» **ACTIVITY**:
Since pictures do not belong in the copy, please repeat every record below exactly without them.

(Dataset entries)
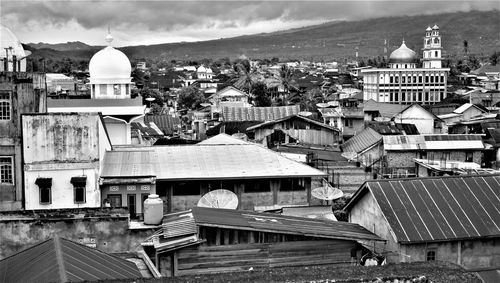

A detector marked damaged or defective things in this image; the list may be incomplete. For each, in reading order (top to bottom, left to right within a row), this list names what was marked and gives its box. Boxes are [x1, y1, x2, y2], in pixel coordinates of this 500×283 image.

rusted metal roof [221, 105, 298, 121]
rusted metal roof [344, 127, 382, 154]
rusted metal roof [102, 144, 328, 180]
rusted metal roof [159, 207, 382, 243]
rusted metal roof [346, 175, 500, 244]
rusted metal roof [0, 237, 142, 283]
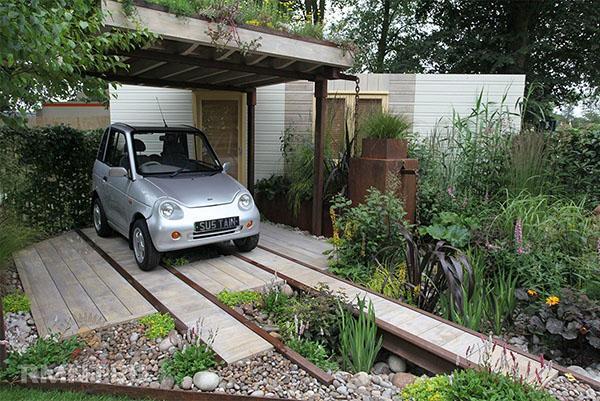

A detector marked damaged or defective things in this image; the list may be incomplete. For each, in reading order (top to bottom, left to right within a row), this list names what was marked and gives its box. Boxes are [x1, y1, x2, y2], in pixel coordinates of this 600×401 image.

rusty corten steel planter [346, 138, 418, 223]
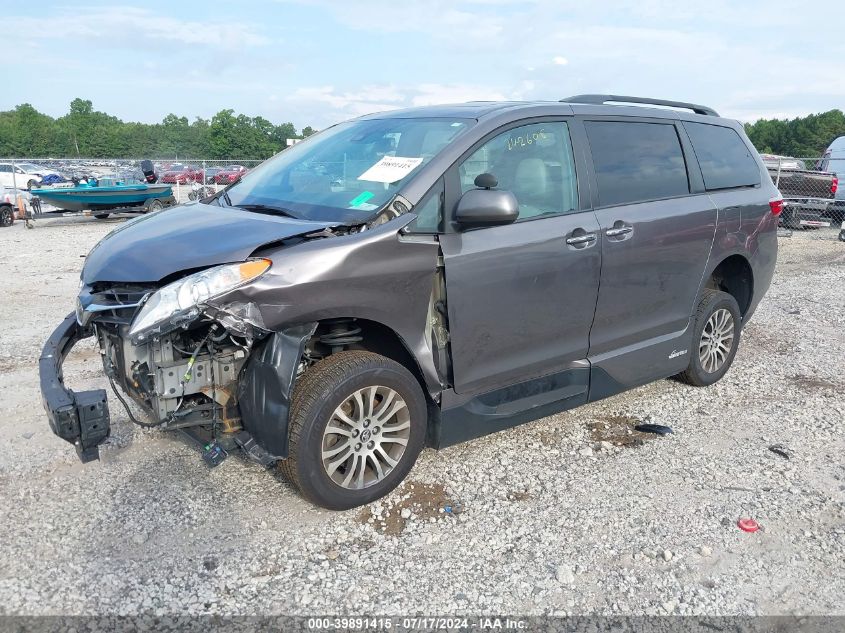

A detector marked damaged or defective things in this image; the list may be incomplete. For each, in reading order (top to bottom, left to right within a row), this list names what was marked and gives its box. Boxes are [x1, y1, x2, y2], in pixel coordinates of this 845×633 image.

front bumper missing [38, 314, 109, 462]
front end damage [38, 278, 320, 466]
broken headlight [127, 260, 270, 344]
damaged gray minivan [39, 95, 780, 508]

» **TASK RESULT**:
A detector marked damaged or defective things in this image; the list may be incomplete. For each, in reading order (top to bottom, left to right within a row), this list names what was marked and gives its box. Boxes are [x1, y1, x2, y2], in pixel coordinates of this 500×283 image.

rusted metal roof [221, 105, 298, 121]
rusted metal roof [344, 127, 382, 154]
rusted metal roof [102, 144, 328, 180]
rusted metal roof [159, 207, 382, 243]
rusted metal roof [346, 175, 500, 244]
rusted metal roof [0, 237, 142, 283]

A detector marked damaged or defective things in this image; the list may be incomplete. For each, in reading order (top to bottom, left to right within a row), this list names what was marked and gives its box. Boxes are [x1, y1, x2, y2], in pixel coordinates of this 600×401 image.

rusty corten steel planter [346, 138, 418, 223]

A detector marked damaged or defective things in this image; the list may be incomplete. For each, in reading order (top to bottom, left to right within a row), this list names what was marked and gives its box. Boxes are [x1, y1, x2, y2], in pixel coordinates of this 845×633 image.

front bumper missing [38, 314, 109, 462]
front end damage [38, 278, 320, 466]
broken headlight [127, 260, 270, 344]
damaged gray minivan [39, 95, 780, 508]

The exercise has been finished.